The Israel Defense Forces (IDF) said they had struck Hamas targets more than 600 times. They said they had targeted homes and businesses used by militants and a school Hamas was using “to hide a terror tunnel”
In the Israeli city of Sderot, a young boy was killed when rocket fire from Gaza hit his home, and shrapnel penetrated the shelter he was hiding in.
The escalating conflict has prompted international airlines, including KLM, British Airways and Virgin Atlantic, to suspend services to Israel.
Earlier on Thursday, incoming flights were diverted south from Tel Aviv’s main Ben Gurion airport to Ramon airport amid a flurry of rocket launches.
Ground offensive
On Thursday, the Israeli army will put forward plans for a possible ground offensive in Gaza, which needs to be approved by army chiefs and various levels of government before any operation begins.

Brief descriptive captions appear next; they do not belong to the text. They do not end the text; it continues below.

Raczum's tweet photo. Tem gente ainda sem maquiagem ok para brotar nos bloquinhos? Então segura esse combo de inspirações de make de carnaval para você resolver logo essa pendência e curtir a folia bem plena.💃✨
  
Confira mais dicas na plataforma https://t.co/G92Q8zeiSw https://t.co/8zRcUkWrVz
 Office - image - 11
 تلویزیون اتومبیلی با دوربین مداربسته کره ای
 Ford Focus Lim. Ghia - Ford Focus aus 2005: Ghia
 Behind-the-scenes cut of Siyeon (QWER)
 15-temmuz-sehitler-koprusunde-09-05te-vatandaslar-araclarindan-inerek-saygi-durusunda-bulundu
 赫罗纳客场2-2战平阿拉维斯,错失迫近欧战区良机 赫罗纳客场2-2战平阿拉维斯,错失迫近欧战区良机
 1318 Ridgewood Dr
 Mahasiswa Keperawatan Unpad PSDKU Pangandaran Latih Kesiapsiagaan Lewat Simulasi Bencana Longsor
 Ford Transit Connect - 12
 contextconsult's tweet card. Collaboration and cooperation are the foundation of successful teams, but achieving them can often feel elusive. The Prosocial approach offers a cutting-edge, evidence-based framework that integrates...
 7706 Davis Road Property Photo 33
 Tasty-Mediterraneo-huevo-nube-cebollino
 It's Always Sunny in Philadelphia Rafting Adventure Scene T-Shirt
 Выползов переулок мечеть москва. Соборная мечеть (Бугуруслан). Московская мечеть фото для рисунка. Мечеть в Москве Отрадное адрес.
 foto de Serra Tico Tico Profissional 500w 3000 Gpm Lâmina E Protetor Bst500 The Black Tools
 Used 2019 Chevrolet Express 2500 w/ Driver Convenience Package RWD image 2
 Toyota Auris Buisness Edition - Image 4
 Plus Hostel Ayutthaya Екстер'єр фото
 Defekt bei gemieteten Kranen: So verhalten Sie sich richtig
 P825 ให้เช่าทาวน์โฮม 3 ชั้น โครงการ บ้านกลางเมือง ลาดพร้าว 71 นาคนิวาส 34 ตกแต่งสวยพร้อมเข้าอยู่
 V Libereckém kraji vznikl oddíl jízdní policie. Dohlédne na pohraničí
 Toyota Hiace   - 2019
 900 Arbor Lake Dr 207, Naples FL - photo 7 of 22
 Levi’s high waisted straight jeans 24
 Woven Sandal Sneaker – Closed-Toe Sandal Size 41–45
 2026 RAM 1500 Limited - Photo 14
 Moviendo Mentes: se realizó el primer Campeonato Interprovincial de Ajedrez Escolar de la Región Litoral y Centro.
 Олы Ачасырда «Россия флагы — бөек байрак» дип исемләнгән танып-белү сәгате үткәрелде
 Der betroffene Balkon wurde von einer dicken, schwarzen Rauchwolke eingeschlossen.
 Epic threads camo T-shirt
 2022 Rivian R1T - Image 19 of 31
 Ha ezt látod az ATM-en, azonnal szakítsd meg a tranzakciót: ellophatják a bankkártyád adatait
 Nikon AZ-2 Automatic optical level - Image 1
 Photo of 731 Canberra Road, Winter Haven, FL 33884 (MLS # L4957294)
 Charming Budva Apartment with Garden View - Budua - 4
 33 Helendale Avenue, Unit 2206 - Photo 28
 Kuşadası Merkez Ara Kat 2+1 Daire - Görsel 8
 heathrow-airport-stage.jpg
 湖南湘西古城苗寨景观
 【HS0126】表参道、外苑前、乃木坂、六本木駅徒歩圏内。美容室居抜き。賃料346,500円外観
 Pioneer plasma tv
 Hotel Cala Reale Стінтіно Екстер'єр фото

Israel has also called up 10 reserve border patrol companies to help tackle the worst unrest between Arab and Jewish communities for many years.
Israeli political leaders have appealed for calm, following the wave of street violence. President Reuven Rivlin described the outbreaks of rioting in several towns and cities as “senseless civil war”.
More than 400 people have been arrested, with some as young as 13 years old, Israeli police said.
Israel’s ‘civil war’
- In the West Bank, Palestinians threw stones at Israeli forces, who fired back with bullets
- Police vehicles were torched in the central town of Kafr Kassem, AFP news agency reports
- There were incidents in the towns of Lod, Acre and Haifa, where Jewish mobs attacked lone Arab men and torched cars
- Camera crews broadcast the moment live on public television when a crowd of Jewish Israelis attacked a driver in Bat Yam
- Tova Levy, who fled her home in Lod, told the BBC: “I started seeing messages that there was a mob coming out of one of the local mosques. And they started burning things… [It was] really, really shocking”
- In Acre, a 37-year-old Jewish man was seriously injured when he was pelted with stones. Israel’s Channel 12 television station is reporting the man is a high school teacher who went out looking for his students to stop them taking part in the riots
- Why Lod’s mayor is warning of civil war
US President Joe Biden has said he hopes the violence will end “sooner than later” but a ceasefire does not appear immediate.
A senior Hamas official said the group was ready for a “reciprocal” ceasefire if the international community pressures Israel to “suppress military actions” at the disputed Al-Aqsa Mosque in Jerusalem.
Large crowds gathered again at the mosque on Thursday, to mark the first day of the Eid al-Fitr Muslim festival, which signifies the end of the Islamic holy month of Ramadan.
However, Israeli military spokesman Hilda Zilberman said Israel was not seeking a ceasefire at the current time, the Times of Israel reports.
What caused the violence?
The fighting between Israel and Hamas was triggered by days of escalating clashes between Palestinians and Israeli police at a holy hilltop compound in East Jerusalem.
The site is revered by both Muslims, who call it the Haram al-Sharif (Noble Sanctuary), and Jews, for whom it is known as the Temple Mount. Hamas demanded Israel remove police from there and the nearby predominantly Arab district of Sheikh Jarrah, where Palestinian families face eviction by Jewish settlers. Hamas launched rockets when its ultimatum went unheeded.
Palestinian anger had already been stoked by weeks of rising tension in East Jerusalem, inflamed by a series of confrontations with police since the start of Ramadan in mid-April.
It was further fuelled by the threatened eviction of Palestinian families from their homes in East Jerusalem by Jewish settlers and Israel’s annual celebration of its capture of East Jerusalem in the 1967 Middle East war, known as Jerusalem Day.
The fate of the city, with its deep religious and national significance to both sides, lies at the heart of the decades-old Israel-Palestinian conflict. Israel in effect annexed East Jerusalem in 1980 and considers the entire city its capital, though this is not recognised by the vast majority of other countries.
Palestinians claim the eastern half of Jerusalem as the capital of a hoped-for state of their own.